И вдунет трижды в сосуд елея, и знаменает трижды сей, держимый от диакона.

После того как вода освящена, она помазуется елеем. Так же, как и вода, елей всегда был одним из основных религиозных символов [30]30
  О значении и употреблении елея в древнем мире см.: Pease A. S. Oleum // Pauly–Wissowa. Real Enzyklo–padie der klassischen Altertumswissenschaft; о Ветхом Завете см.: Kennedy A. R. S. Anointing // Hasting's Dictionary of the Bible. N. Y, 1909. P. 35; Mitchel L. L. Baptismal Anointing. London, 1966.


[Закрыть]
, и его символический смысл, как и в случае воды, следует из его практического значения и употребления. В древнем мире елей, прежде всего, употреблялся как лечебное средство. Милосердный самарянин, согласно евангельскому повествованию, возлил елей и вино на раны человека, которого он нашел на дороге. Елей был также источником света и, следовательно, радости. И сейчас наиболее торжественная и радостная часть праздничного вечернего богослужения называется полиелеем. Последнее слово связано как с греческим словом eleoz – «милость», встречающимся много раз в Псалме 135, так и с освещением церкви «многим елеем» (elaion – «масло»). И, наконец, елей, символизирующий исцеление, свет и радость, был знаком примирения и согласия: в ознаменование прощения и примирения Бога с человеком после Потопа голубь принес Ною масличную ветвь. Эта естественная символика, связанная с елеем, определила с самого начала его использование в литургической жизни Церкви.

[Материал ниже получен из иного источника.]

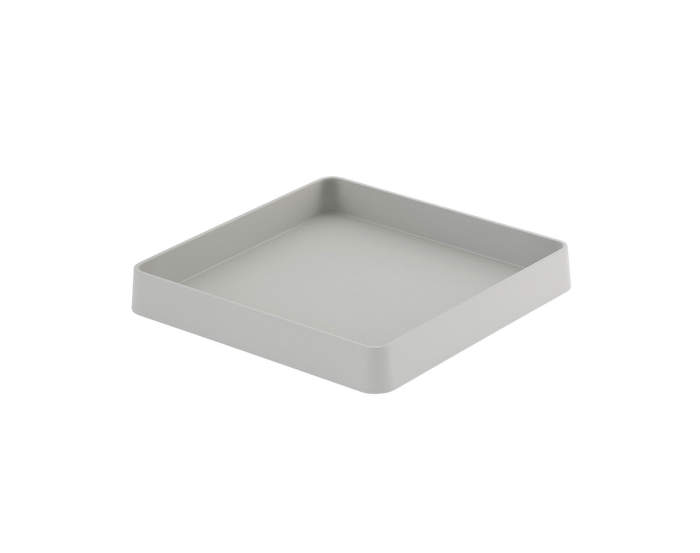 Arrange Desktop Tray, 25 x 25 cm, grey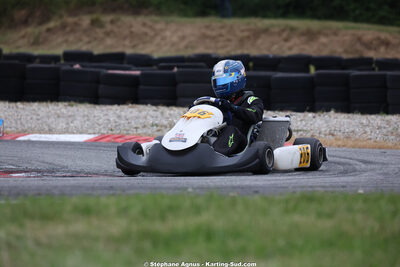 Sénior — 05-07/06/2026 : IAME Series France Round 2 à Aigues-Vives (Photos Stéphane Agnus) 2026 — karting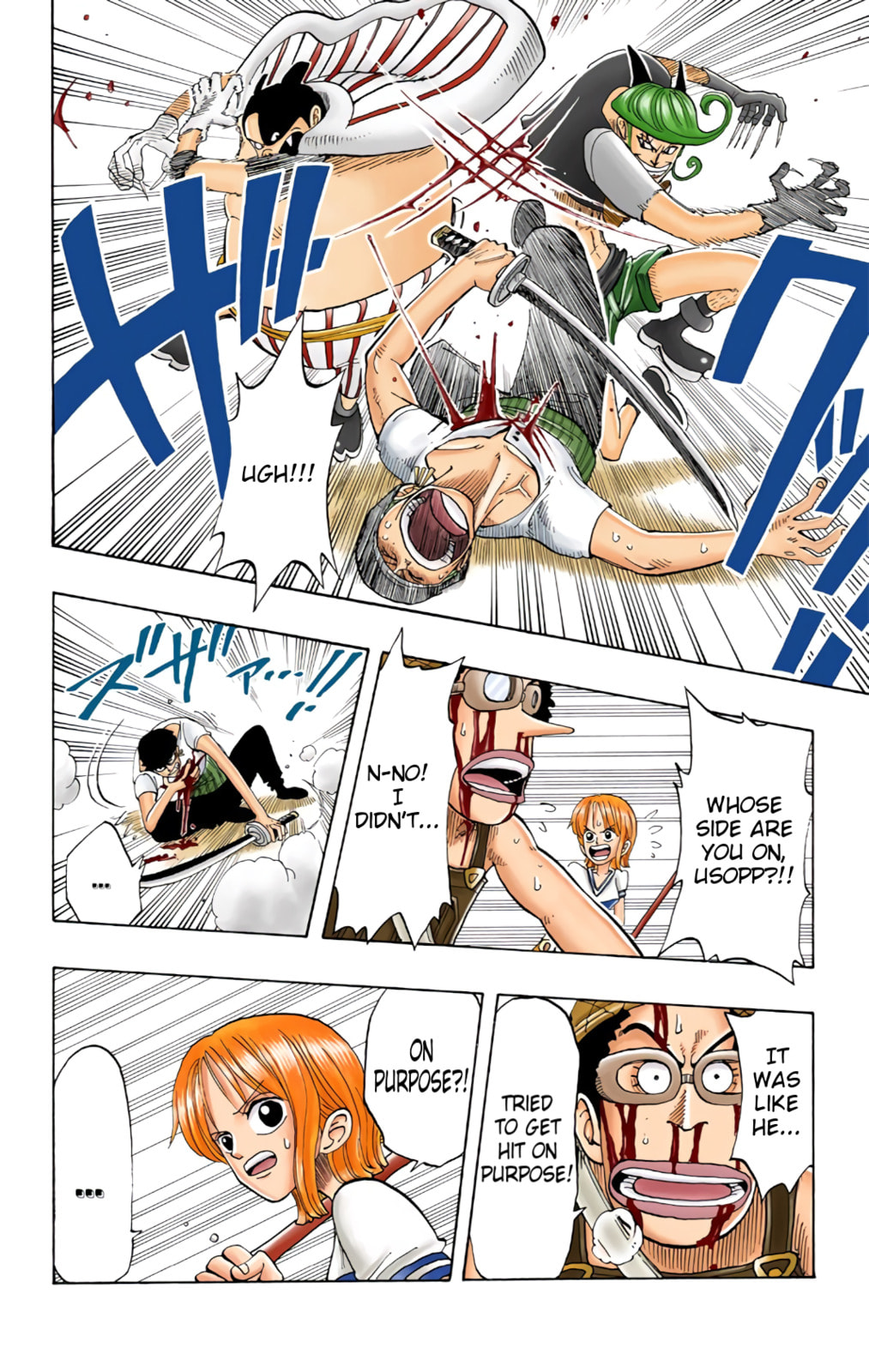 Read One Piece (Colored) chapter 32 image 13 on Lezhin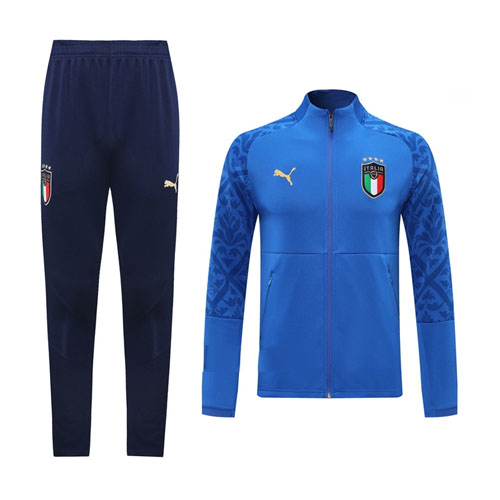 Tuta Calcio Italia 20/21 Blu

В предшествующем крещению помазании елеем воды и тела крещаемого елей служит, прежде всего, символом жизни, но жизни не просто как существования, но как полноты, радости и участия в той таинственной и невыразимой сущности жизни, которую мы ощущаем в минуты счастья и ликования, жизни, о которой говорит Библия, когда она называет ее даром Святого Духа, Подателя Жизни: жизни как «света человеков», жизни не как синонима, а как самого содержания существования; короче говоря, жизни как участия в самой Божественной жизни.

И снова совершается то же последование, что и при освящении воды. Сначала происходит изгнание дьявольских сил из елея, его «освобождение», восстановление его истинного назначения, открывающегося в его символике: таково значение дуновения на него и троекратного осенения его крестным знамением. Затем следует анамнез — воспоминание о значении елея в истории спасения – и благодарение: Мы благодарим Бога за елей и тем самым мы претворяем его в то, чем Бог его сотворил: в дар исцеления, мира, духовной силы и жизни.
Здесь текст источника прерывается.